And then I stop for a moment and reflect on how miraculous it is that I'm even alive -- how many things had to go right for a man to find a woman and a sperm to find an egg, let alone for me and the people I love to navigate the daily dangers of our world for the past 40-plus years.
And it occurs to me how wonderful it is to not be in charge of the universe, and how grateful I am that there is some energy and intelligence behind life that makes my presence on this planet possible.
At times like these, I'm not addicted to success or winning or anything else. Just the privilege of being alive in this moment is enough. And while I'd certainly like even more of those moments, I know that chasing them will only chase them further and further away.
So I live my life, as best I know to do. I have fun, and try to be kind, and make a positive difference. Most days, I think I do a pretty good job. Some days I don't. But all in all, it works, and I'm happy and grateful that I got the chance to do it again today.

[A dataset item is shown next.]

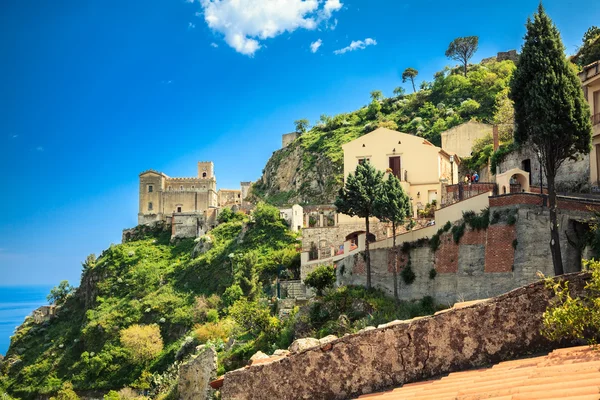 Церква Святого Nicolo в місті Savoca — стокове фото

I have found great comfort in these words of Marianne Williamson -- she talks about God, but what she has to say is no less true if you substitute the word "universe" or "life" or even "love":
When we surrender to God, we surrender to something bigger than ourselves -- to a universe that knows what it's doing. When we stop trying to control events they fall into a natural order, an order that works. We're at rest while a power much greater than our own takes over, and it does a much better job than we could have done. We learn to trust that the power that holds galaxies together can handle the circumstances of our relatively little lives.